ML pipeline¶

Dataset construction¶

The training dataset is built on top of a Latin hypercube sample of five physical parameters (log concentration, valence, temperature, Stern thickness, Stern permittivity) via build_capacitance_dataset. Each sample runs a full GCS sweep across 81 electrode potentials in [-0.4, 0.4] V, yielding a tidy long-format DataFrame.

Concentration is sampled on log10(c) because C_d ∝ √c.
Valence is drawn from a discrete set {1, 2} rather than a continuous range, matching the physics.
Splits are made by sweep, not by row, so no feature vector appears in both the train and test splits (split_by_sample).

Surrogate architecture¶

The surrogate is an MLP with

input dim 6 (5 physical features + electrode potential),
(128, 128, 64) hidden widths by default,
SiLU activations,
optional BatchNorm and dropout,
Kaiming initialisation, linear scalar head.
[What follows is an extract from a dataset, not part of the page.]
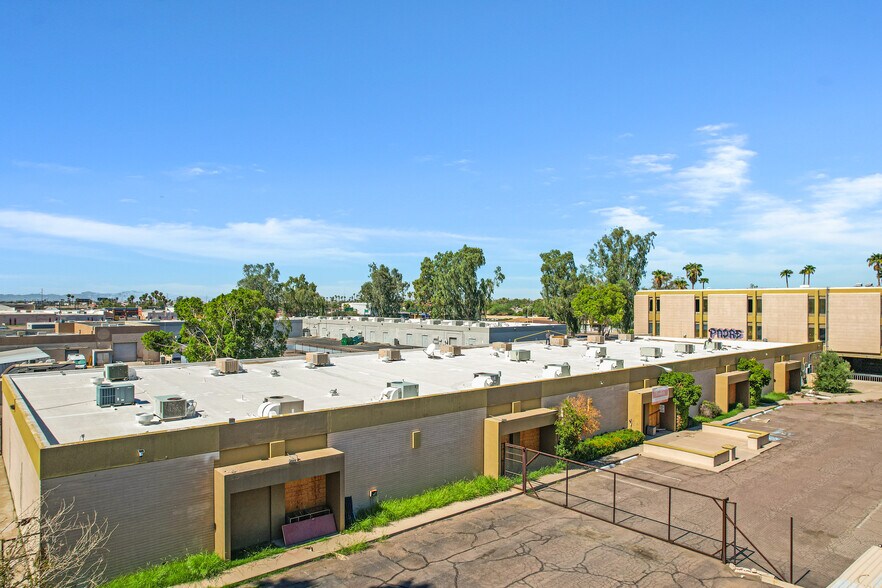 More Photos Of 3001 W Indian School Rd, Phoenix Office For Sale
See MLPConfig and CapacitanceMLP.

Training loop¶

train_model runs AdamW with cosine annealing, gradient norm clipping, and early stopping. Scalers are fitted on the training split only, preventing data leakage. An optional MLflow run logs every hyperparameter and per-epoch metric.

from edl_ml.data import SamplingBounds, build_capacitance_dataset, split_by_sample
from edl_ml.ml import MLPConfig, TrainConfig, build_loaders, train_model

df = build_capacitance_dataset(SamplingBounds(), n_samples=1000)
train, val, test = split_by_sample(df)
loaders = build_loaders(train, val, test, batch_size=256)
report = train_model(
    loaders,
    MLPConfig(input_dim=6, hidden_dims=(128, 128, 64), dropout=0.05),
    TrainConfig(max_epochs=200, learning_rate=1e-3,
                mlflow_experiment="edl-ml"),
    checkpoint_path="data/models/model.pt",
)
print(report.test_metrics)   # {'mse': ..., 'rmse': ..., 'mae': ..., 'r2': ..., 'mape': ...}

Hyperparameter optimisation¶

run_optuna_study wraps an Optuna TPE study over width, depth, activation, BatchNorm, dropout, learning rate, and weight decay. Pass a persistent storage URL (sqlite:///edl.db) to resume.

Interpretability¶

Two complementary methods ship with the package:

shap_explain — KernelSHAP on the raw feature space, paired with plot_shap_summary for a beeswarm plot.
permutation_feature_importance — dependency-free alternative that measures MAE increase under column permutation.